For the better part of a decade, Jon Bon Jovi has been trying to get Bon Jovi inducted into the Rock and Roll Hall of Fame, and today, it finally happened. The band has been eligible since 2008, but the New Jersey rockers have only been nominated twice (once before in 2011), finally making it through on their second try this year. Jon now tells the New York Times, apparently using some language not fit for print, that the honor is overdue:
“Well. I mean … we’re very happy about it,” he said in an interview. “And um, you know. It’s great.” He paused. “I really want to say it’s about time,” he added, using a colorful adjective omitted here.
“Am I relieved? Yeah. Am I pleased? Absolutely. But,” he repeated, “It’s about time,” using the same colorful adjective.
Jon’s tepid reaction stems from years-long tension with the Rock Hall institution’s overlords — namely Rolling Stone publisher Jann Wenner, who is chairman of the foundation that controls the induction process. Last year, Jon complained to Howard Stern that he’d had a “big falling-out” with the people in charge, saying that more than one member of the voting board had “made it their personal mission to fuck with me” and keep Bon Jovi off the ballot. “I called [the guy] a few choice words,” he said, not naming the person when asked if it was Wenner. “And I’m never shy, when I see him, to call him a few more choice words.”
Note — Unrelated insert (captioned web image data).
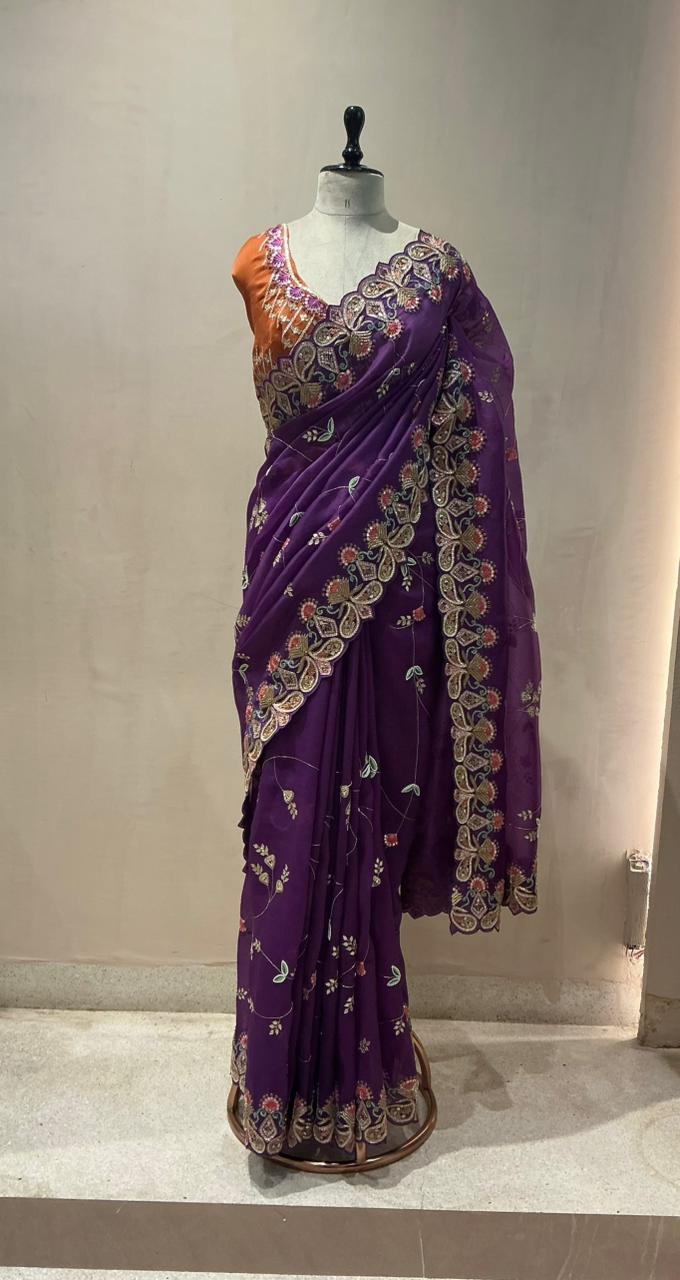Purple Embroidered Silk Saree with Contrast Orange Blouse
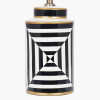 Optic Black and White Optic Stripe Ceramic Table Lamp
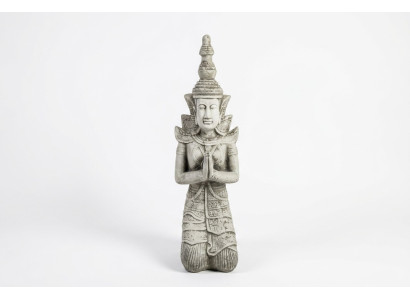 Buddha sculpture with a stone look. Large figure sculpture for garden decorative.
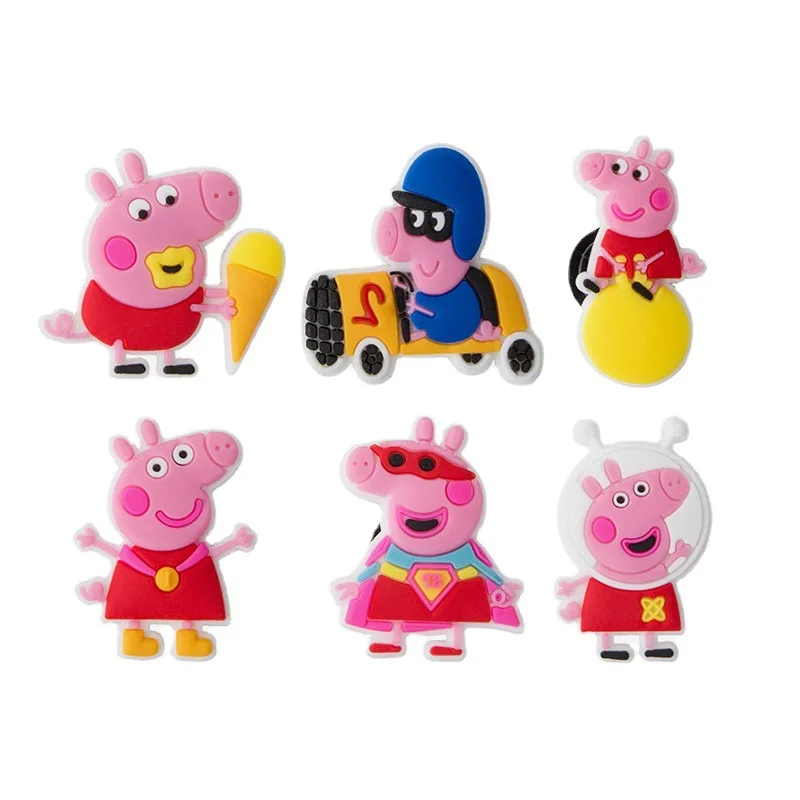 

hot sale PINK PIG pvc shoe charms cartoon pig croc charms decoration croc shoe, Picture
He continued: “The criteria is actually that your music had an influence on generations that came after you, and that it’s still out and very present. Yeah, we have every criteria.” Looking back on the 2011 nominations process, Jon now tells Billboard it might’ve been rigged: “There were a lot of conversations about were we legitimately not voted in, was there a little bit of covert action going on, and we’ll never know.” (The rest of the band doesn’t appear to feel as slighted by the Hall as Jon has.)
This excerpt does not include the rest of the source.